Description
This Easy Peruvian Chicken and Rice with Green Sauce is a flavorful and comforting dish that combines perfectly cooked rice infused with spices and tender chicken breasts. The bright, tangy green sauce made from cilantro, jalapeno, lime, and mayonnaise adds a refreshing zest that elevates the entire meal. Ready in just 45 minutes, it’s an excellent choice for a wholesome weeknight dinner.
Ingredients
Scale
For the Rice and Chicken
- 2 cups of rice
- 4 chicken breasts
- 4 cups of chicken broth
- 1 tablespoon of olive oil
- 1 onion, chopped
- 2 cloves of garlic, minced
- 1 teaspoon of cumin
- Salt and pepper to taste
For the Green Sauce
- 1 cup of cilantro
- 1 jalapeno, seeded
- 1 lime, juiced
- 1/4 cup of mayonnaise
Instructions
- Heat olive oil: In a medium pot, warm the olive oil over medium heat to prepare for sautéing the aromatics.

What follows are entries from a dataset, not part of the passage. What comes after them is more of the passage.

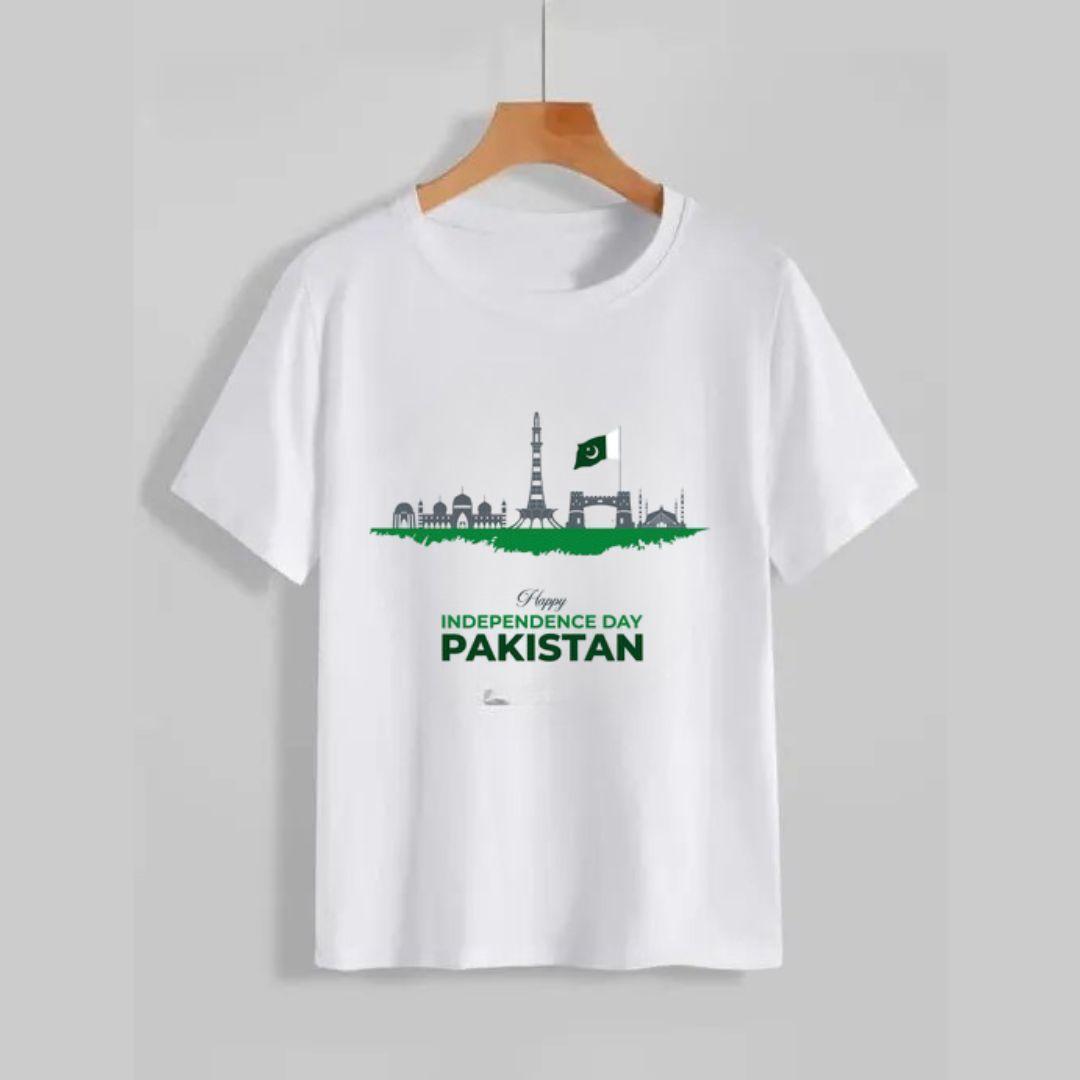 1 Pc Men’s Cotton Printed T-Shirt – Casual Comfort in Classic White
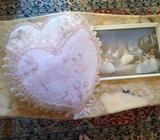 Retro Ballet Print & 2 Ballet Loveheart Cushions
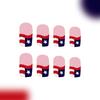 24 Pcs Independence Day False Nail Short Press On Nail French Tip Acrylic Nail 4th of July Full Cover Stick on Nail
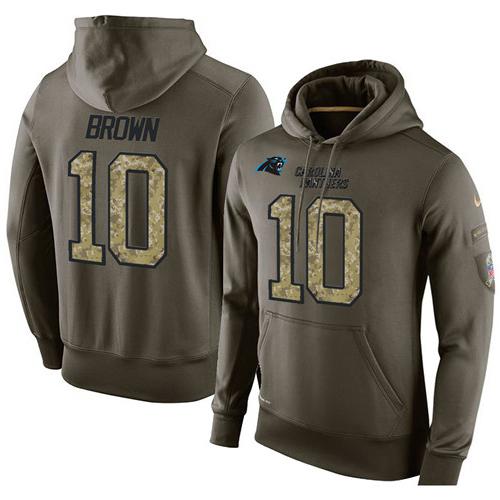 NFL Men's Nike Carolina Panthers #10 Corey Brown Stitched Green Olive Salute To Service KO Performance Hoodie - Click Image to Close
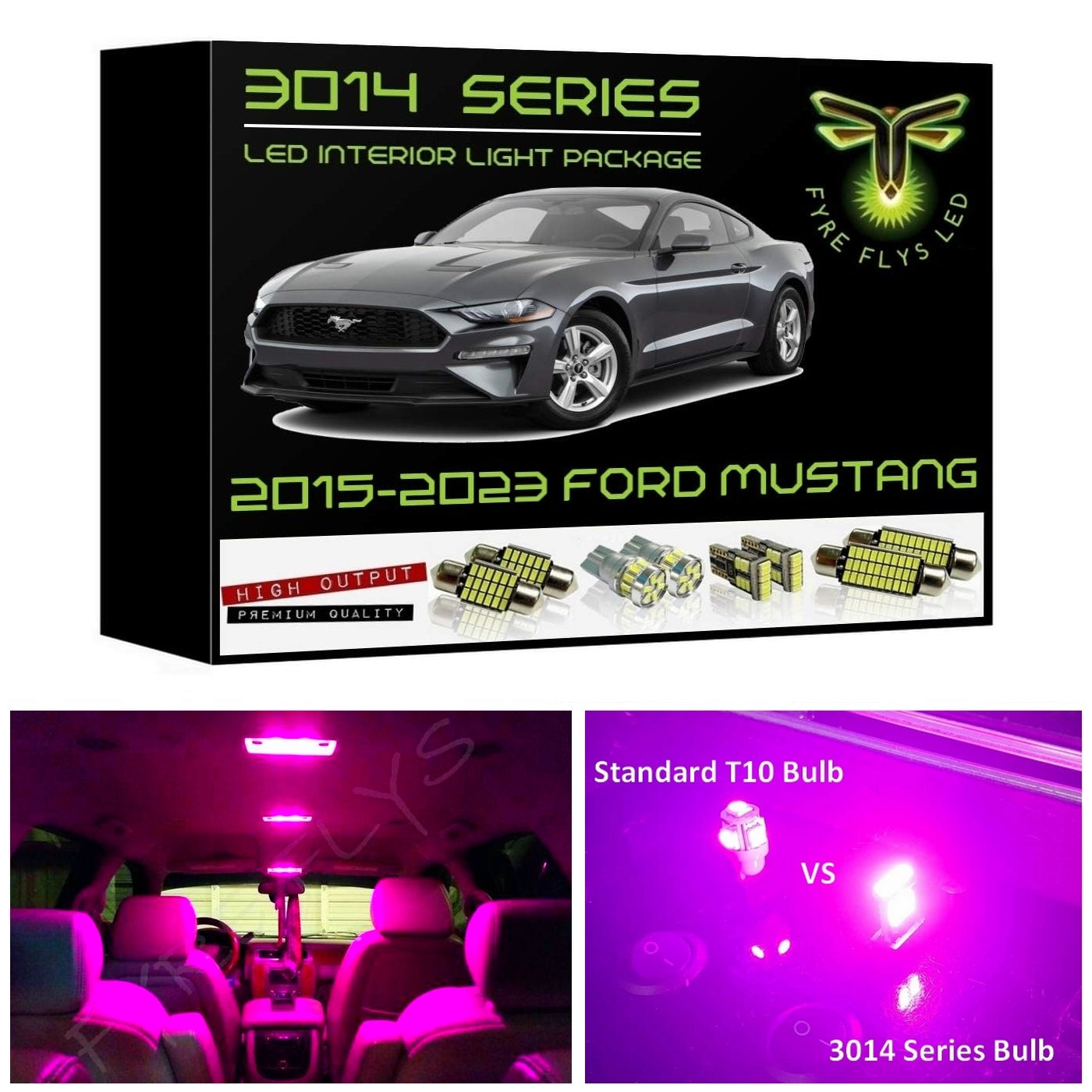2015-2023 Ford Mustang Super Bright 3014 Series LED interior light kit
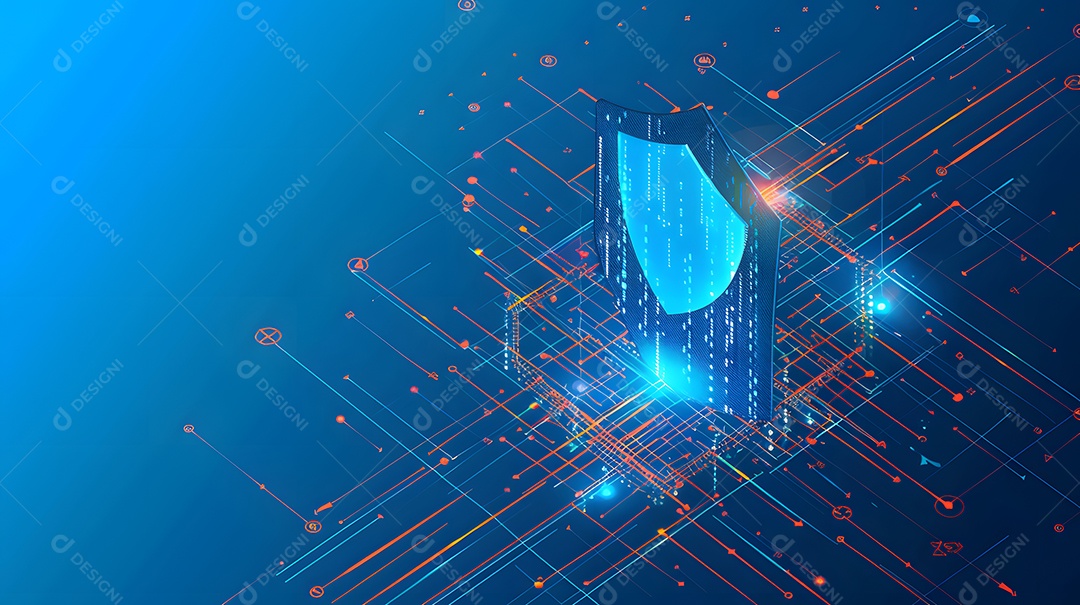 Camadas de protocolos de segurança formando um escudo contra ameaças cibernéticas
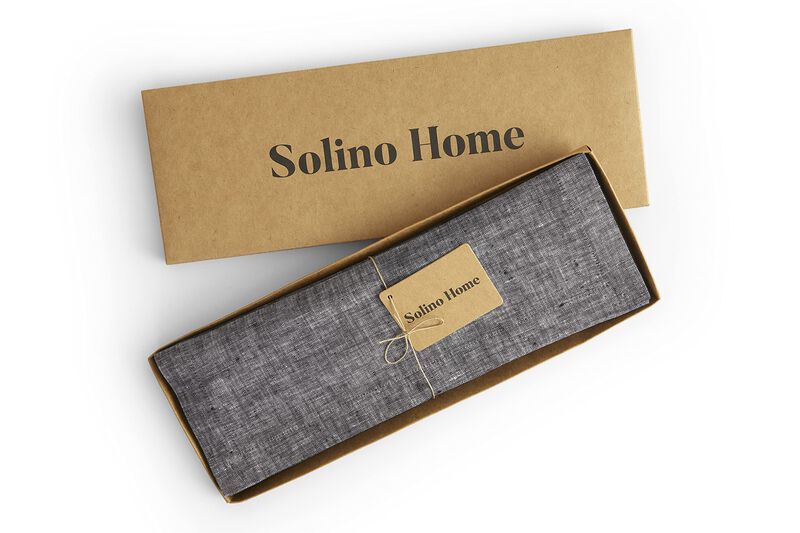 Solino Home 100% Pure Linen Square Placemats 14 x 14 Inch Set of 4 - Athena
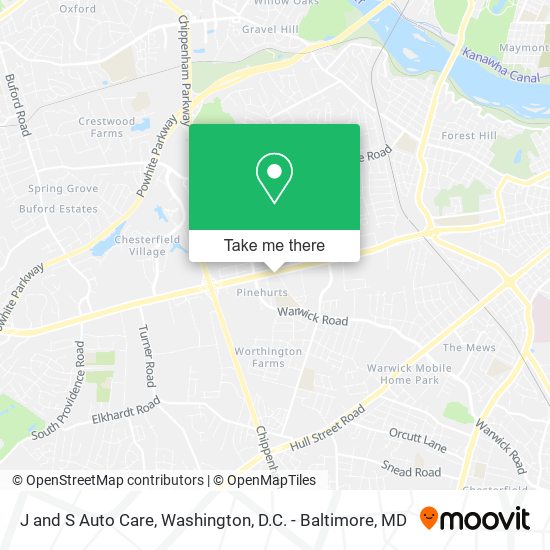 J and S Auto Care map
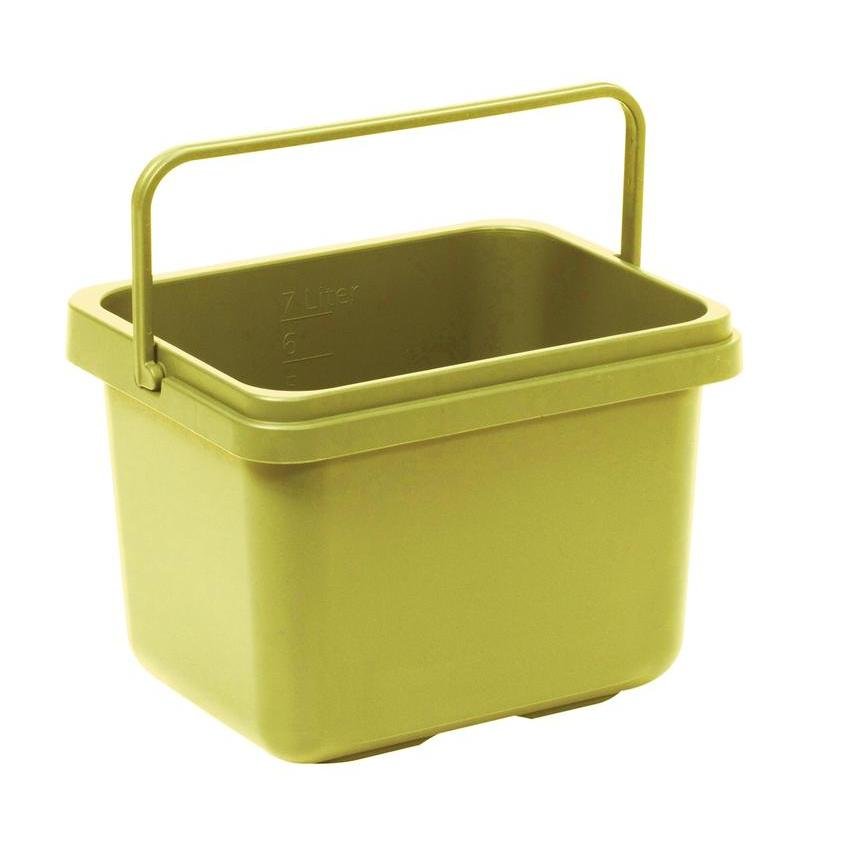 Le seau TASKI 7L de Diversey Deutschland GmbH & Co. OHG est un seau en plastique vert olive rectangulaire avec une poignée de transport assortie et des graduations latérales pour jusqu'à 7 litres - parfait pour le nettoyage domestique.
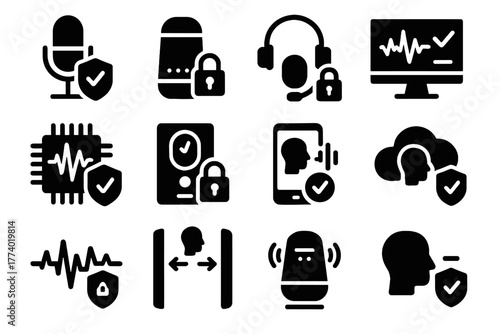 Voice chip icons ai smart microphone authentication gate screen vector icon security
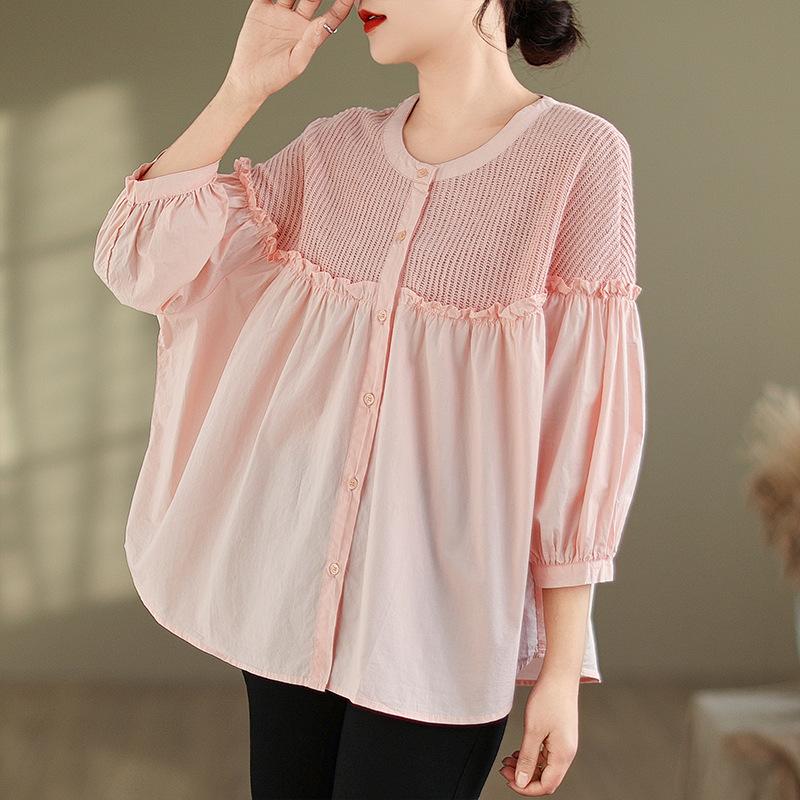 

Весенне-летняя женская модная свободная рубашка с рукавами-фонариками в стиле пэчворк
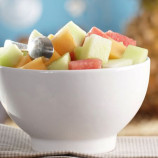 Salad of watermelon, cucumber and pear with curd cheese Salad of watermelon, cucumber and pear with curd cheese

- Sauté onion and garlic: Add the chopped onion and minced garlic to the heated oil and cook until they are soft and translucent, releasing their flavors.
- Add rice and seasonings: Stir in the rice, chicken broth, cumin, salt, and pepper, mixing well to incorporate all ingredients.
- Simmer rice: Bring the mixture to a boil, then reduce the heat to low, cover the pot, and let it simmer gently for 18 minutes until the rice is tender and the liquid is absorbed.
- Prepare the green sauce: While the rice cooks, blend together the cilantro, seeded jalapeno, lime juice, and mayonnaise until the sauce is smooth and creamy.
- Cook the chicken: Grill or bake the chicken breasts until they are fully cooked and reach an internal temperature of 165°F (75°C), ensuring they are juicy and tender.
- Assemble and serve: Plate the cooked rice, lay the chicken breasts on top, and generously drizzle the green sauce over the chicken. Serve immediately for a delicious meal.
Notes
- You can roast or pan-sear the chicken as alternatives to grilling or baking.
- Adjust the amount of jalapeno in the green sauce according to your desired spice level.
- For a creamier sauce, add a little more mayonnaise or a splash of olive oil when blending.
- Leftover chicken and rice can be refrigerated for up to 3 days and reheated gently.
- Use fresh cilantro and lime juice for the best flavor in the green sauce.